# What you will do
Leaving out all pictures, retype the records exactly.

---+---

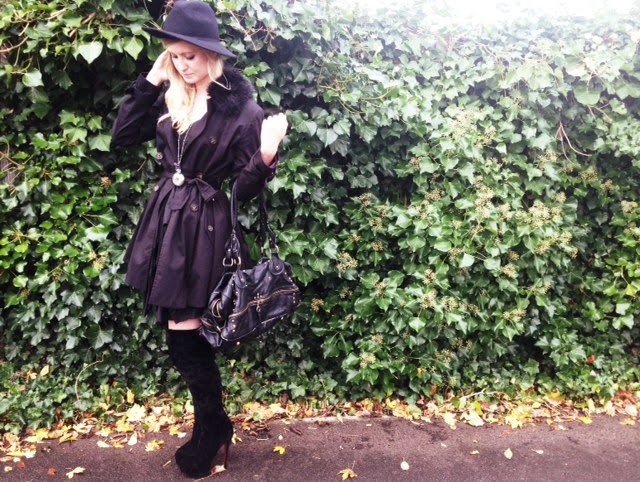 FashionFake, style blog, fashion blog, Halloween outfit, Autumn Outfit, Witches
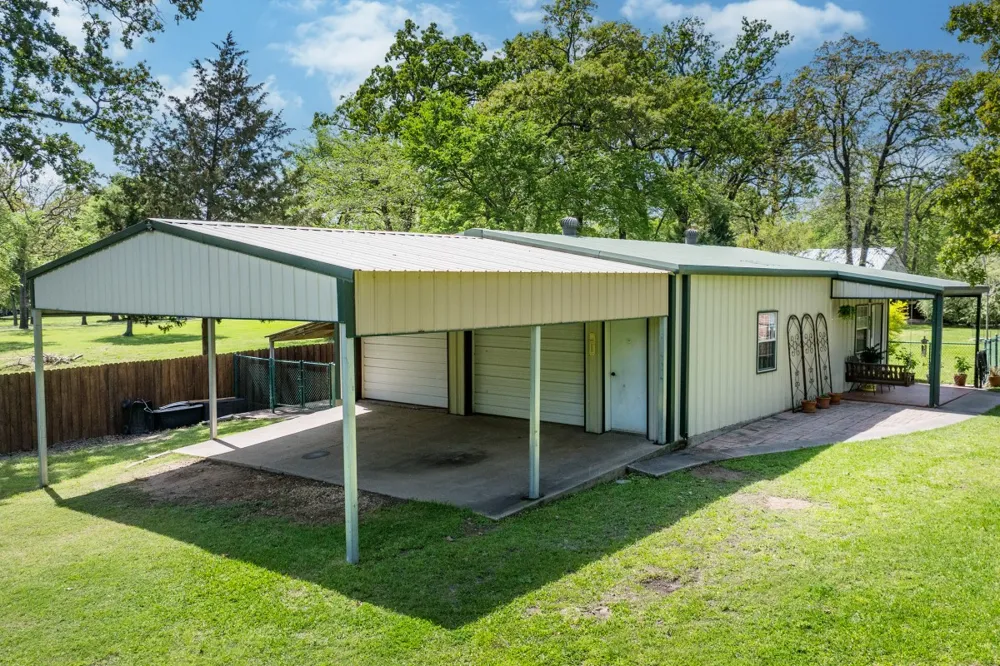 108 Forehand Drive Trinidad, TX 75163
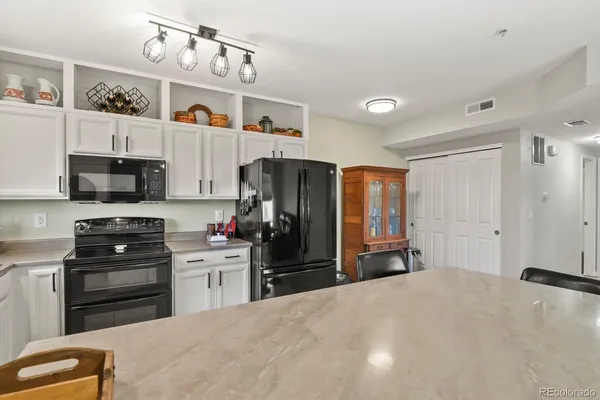 $320,000 | 23505 East Platte Drive, Unit 8E, Aurora, CO 80016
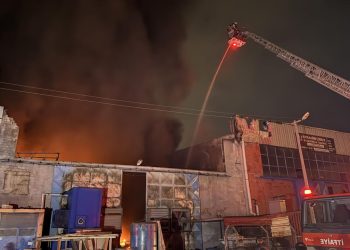 Adana’da ayakkabı üretim fabrikasında yangın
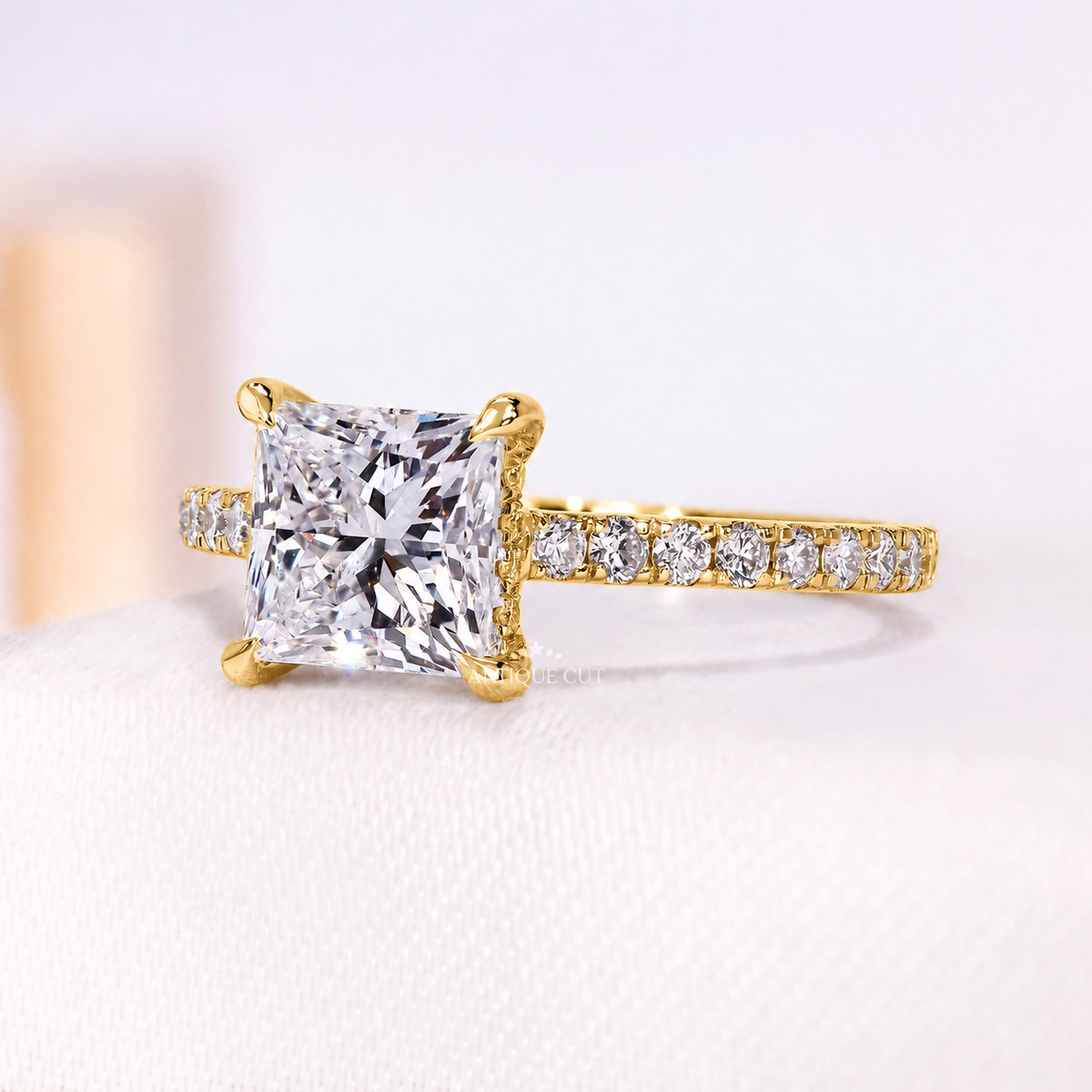 10k Yellow Gold, 14k Yellow Gold, 18k Yellow Gold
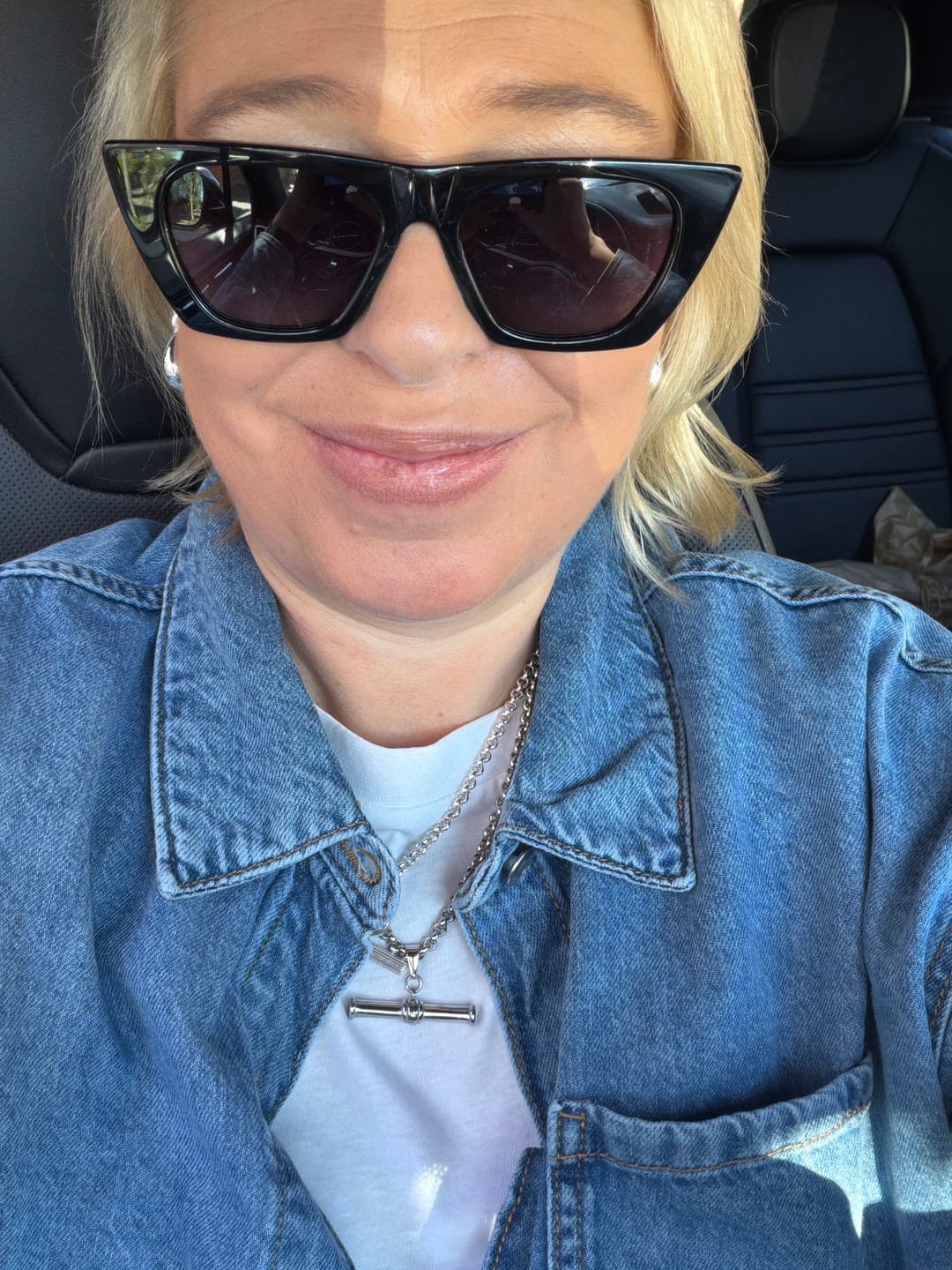 Customer photo review of XL T-Bar Necklace silver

---+---

# Response for this exercise
 FashionFake, style blog, fashion blog, Halloween outfit, Autumn Outfit, Witches
 108 Forehand Drive Trinidad, TX 75163
 $320,000 | 23505 East Platte Drive, Unit 8E, Aurora, CO 80016
 Adana’da ayakkabı üretim fabrikasında yangın
 10k Yellow Gold, 14k Yellow Gold, 18k Yellow Gold
 Customer photo review of XL T-Bar Necklace silver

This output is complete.